Try it: Consider the listing below. Extract exactly the lines from the line containing "High fashion model" to the line containing "Pretty in Pink", both included.
Material for this task below:
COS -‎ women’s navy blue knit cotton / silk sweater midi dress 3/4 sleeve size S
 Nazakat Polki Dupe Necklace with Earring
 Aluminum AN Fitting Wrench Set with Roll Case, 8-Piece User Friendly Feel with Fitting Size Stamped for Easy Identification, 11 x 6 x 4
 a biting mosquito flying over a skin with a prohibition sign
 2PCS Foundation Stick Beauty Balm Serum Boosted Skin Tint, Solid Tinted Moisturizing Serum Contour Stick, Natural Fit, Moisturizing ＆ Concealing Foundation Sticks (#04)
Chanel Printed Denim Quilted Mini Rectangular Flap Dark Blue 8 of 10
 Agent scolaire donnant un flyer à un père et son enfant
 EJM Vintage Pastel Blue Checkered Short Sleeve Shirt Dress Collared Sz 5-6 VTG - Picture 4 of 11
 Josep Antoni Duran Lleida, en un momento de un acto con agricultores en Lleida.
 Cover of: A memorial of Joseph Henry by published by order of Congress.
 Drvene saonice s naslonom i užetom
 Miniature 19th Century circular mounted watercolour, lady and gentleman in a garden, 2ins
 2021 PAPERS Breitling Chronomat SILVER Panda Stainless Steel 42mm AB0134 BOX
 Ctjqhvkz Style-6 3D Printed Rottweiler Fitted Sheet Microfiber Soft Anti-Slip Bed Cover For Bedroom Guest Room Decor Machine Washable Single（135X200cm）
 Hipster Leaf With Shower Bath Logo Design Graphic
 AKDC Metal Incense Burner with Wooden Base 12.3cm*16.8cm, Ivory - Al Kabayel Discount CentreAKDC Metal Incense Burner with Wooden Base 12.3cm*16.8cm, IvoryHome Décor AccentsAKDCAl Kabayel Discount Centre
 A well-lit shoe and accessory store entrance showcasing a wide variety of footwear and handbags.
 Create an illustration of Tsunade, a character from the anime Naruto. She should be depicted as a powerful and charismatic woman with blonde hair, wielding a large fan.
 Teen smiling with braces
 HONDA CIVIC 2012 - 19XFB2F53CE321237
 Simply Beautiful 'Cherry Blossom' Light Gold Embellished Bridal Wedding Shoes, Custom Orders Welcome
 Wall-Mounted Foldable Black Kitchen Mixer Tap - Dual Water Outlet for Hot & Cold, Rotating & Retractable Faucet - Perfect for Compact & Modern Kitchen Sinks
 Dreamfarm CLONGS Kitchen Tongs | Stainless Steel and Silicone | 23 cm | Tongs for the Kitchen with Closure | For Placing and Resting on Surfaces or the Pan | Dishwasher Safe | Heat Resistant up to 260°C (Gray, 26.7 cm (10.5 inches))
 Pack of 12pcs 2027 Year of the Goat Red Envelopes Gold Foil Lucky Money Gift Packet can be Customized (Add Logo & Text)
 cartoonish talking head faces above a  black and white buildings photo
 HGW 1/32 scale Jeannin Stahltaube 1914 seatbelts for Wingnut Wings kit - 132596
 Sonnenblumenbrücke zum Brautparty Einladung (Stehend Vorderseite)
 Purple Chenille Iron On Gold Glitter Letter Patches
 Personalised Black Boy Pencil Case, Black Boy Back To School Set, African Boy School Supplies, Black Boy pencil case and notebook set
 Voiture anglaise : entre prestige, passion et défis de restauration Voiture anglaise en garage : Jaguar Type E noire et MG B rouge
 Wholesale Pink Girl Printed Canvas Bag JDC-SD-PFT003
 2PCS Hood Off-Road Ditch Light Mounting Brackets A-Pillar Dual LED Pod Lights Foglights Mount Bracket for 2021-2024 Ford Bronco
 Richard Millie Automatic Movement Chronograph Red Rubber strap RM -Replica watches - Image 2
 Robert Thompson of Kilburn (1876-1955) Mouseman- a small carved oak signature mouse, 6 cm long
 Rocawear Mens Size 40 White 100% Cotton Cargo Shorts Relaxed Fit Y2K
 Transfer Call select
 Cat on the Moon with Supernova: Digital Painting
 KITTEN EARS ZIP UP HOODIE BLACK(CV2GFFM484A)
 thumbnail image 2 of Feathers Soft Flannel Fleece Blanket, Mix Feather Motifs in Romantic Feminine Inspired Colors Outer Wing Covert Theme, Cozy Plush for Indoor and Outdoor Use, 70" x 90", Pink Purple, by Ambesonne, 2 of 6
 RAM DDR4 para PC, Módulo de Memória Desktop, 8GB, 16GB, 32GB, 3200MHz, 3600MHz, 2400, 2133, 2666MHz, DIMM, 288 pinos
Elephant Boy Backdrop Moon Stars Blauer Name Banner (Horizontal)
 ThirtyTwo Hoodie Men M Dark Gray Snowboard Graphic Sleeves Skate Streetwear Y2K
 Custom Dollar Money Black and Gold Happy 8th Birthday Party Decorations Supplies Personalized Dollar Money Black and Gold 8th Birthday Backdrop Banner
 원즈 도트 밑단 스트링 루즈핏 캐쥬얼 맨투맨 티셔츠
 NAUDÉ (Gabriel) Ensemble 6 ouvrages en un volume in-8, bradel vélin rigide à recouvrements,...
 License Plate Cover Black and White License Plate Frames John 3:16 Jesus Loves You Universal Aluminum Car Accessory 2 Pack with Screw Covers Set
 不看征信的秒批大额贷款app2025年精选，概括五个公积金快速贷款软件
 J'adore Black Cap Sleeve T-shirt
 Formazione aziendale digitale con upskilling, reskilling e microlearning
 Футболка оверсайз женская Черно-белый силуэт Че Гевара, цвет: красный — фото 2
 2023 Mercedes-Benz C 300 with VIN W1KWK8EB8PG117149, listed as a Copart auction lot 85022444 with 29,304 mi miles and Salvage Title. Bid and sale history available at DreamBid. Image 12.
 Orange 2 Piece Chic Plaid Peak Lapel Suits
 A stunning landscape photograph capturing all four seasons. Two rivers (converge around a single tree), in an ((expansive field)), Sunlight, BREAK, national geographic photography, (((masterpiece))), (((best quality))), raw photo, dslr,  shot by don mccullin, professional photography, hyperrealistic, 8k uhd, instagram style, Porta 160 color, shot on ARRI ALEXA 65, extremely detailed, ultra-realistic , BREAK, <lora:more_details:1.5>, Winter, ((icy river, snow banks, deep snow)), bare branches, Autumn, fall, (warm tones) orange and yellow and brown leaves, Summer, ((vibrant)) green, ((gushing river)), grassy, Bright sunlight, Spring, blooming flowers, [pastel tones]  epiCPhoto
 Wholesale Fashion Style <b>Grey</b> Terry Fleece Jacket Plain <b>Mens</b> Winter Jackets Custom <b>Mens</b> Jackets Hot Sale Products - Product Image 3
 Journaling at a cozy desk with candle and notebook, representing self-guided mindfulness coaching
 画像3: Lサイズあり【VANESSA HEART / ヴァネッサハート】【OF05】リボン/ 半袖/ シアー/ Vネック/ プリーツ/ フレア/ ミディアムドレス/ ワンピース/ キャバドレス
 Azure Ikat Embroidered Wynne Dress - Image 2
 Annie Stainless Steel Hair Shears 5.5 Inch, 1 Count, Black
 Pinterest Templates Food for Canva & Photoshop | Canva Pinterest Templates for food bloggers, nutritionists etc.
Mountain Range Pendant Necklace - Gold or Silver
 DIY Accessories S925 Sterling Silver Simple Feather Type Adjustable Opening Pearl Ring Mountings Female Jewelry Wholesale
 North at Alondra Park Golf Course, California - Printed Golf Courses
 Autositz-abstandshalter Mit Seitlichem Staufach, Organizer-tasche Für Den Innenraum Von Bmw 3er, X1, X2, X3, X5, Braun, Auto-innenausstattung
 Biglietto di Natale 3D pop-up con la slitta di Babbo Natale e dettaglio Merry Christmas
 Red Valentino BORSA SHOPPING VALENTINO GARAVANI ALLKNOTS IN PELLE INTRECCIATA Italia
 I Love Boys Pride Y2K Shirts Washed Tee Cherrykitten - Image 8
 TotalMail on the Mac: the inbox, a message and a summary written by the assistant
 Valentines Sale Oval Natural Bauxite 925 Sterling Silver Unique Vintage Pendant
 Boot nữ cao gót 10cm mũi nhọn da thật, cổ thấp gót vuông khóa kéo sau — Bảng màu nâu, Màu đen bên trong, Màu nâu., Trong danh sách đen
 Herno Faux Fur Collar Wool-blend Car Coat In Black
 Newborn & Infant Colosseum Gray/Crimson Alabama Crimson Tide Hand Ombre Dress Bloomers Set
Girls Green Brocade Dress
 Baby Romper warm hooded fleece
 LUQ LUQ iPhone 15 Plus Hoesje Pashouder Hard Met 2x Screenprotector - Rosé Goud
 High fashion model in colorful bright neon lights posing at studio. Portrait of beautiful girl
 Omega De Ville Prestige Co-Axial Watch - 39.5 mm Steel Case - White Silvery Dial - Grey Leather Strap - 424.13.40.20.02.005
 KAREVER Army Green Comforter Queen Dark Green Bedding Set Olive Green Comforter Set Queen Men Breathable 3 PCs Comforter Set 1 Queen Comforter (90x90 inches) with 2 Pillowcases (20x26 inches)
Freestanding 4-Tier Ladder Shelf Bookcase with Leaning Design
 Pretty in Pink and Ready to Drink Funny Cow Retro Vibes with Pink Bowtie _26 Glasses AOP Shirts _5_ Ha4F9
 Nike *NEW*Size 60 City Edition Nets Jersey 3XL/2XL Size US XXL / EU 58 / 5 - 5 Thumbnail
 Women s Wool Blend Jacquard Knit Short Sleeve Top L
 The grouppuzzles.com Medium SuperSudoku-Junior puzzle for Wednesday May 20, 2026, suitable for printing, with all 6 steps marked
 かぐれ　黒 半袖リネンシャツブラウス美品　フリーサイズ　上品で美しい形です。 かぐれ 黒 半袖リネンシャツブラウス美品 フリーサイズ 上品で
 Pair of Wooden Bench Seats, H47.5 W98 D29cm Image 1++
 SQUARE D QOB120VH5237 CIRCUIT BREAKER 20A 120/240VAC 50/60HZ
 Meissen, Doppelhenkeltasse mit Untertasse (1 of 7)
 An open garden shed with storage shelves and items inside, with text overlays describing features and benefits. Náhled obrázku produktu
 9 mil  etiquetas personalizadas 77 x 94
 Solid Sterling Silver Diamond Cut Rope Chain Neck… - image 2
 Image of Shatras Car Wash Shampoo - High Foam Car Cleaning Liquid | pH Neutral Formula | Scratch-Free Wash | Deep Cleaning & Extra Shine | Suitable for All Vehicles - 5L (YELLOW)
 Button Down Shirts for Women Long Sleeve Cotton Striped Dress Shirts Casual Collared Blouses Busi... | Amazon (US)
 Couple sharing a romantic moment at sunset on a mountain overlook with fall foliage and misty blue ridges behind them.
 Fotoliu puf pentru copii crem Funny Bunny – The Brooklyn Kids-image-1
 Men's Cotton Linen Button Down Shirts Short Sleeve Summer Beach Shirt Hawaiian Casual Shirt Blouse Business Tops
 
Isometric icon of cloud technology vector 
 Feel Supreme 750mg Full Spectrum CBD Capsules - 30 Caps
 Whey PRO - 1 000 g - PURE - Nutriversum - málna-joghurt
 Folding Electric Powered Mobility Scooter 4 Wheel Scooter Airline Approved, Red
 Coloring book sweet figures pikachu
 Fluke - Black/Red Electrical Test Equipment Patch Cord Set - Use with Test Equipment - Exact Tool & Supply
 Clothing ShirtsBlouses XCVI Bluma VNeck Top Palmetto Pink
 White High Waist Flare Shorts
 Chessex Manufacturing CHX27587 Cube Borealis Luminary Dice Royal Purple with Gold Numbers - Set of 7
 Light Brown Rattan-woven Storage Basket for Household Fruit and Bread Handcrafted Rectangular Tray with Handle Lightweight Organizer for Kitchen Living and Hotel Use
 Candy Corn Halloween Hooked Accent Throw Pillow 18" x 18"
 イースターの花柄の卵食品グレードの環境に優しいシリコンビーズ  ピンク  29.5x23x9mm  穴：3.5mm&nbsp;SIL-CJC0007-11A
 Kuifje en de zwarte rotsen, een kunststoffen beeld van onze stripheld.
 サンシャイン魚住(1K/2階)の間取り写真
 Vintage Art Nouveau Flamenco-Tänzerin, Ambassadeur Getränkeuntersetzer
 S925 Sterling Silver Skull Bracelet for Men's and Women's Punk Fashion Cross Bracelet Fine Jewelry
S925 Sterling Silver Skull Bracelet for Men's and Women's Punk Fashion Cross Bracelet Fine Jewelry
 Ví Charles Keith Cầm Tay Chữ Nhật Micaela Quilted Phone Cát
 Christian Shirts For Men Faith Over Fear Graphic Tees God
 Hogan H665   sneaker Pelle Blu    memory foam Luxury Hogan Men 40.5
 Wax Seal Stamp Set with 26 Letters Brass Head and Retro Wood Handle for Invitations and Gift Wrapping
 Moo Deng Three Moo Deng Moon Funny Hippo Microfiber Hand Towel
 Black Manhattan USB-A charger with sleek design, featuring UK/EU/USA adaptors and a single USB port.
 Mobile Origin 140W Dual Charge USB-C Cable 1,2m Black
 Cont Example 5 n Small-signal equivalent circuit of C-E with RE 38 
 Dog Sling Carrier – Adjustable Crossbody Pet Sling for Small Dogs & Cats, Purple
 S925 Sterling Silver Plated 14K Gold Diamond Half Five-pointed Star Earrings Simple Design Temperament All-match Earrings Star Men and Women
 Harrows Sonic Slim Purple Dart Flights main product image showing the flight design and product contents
End of Material for this task.
Answer to this problem:
 High fashion model in colorful bright neon lights posing at studio. Portrait of beautiful girl
 Omega De Ville Prestige Co-Axial Watch - 39.5 mm Steel Case - White Silvery Dial - Grey Leather Strap - 424.13.40.20.02.005
 KAREVER Army Green Comforter Queen Dark Green Bedding Set Olive Green Comforter Set Queen Men Breathable 3 PCs Comforter Set 1 Queen Comforter (90x90 inches) with 2 Pillowcases (20x26 inches)
Freestanding 4-Tier Ladder Shelf Bookcase with Leaning Design
 Pretty in Pink and Ready to Drink Funny Cow Retro Vibes with Pink Bowtie _26 Glasses AOP Shirts _5_ Ha4F9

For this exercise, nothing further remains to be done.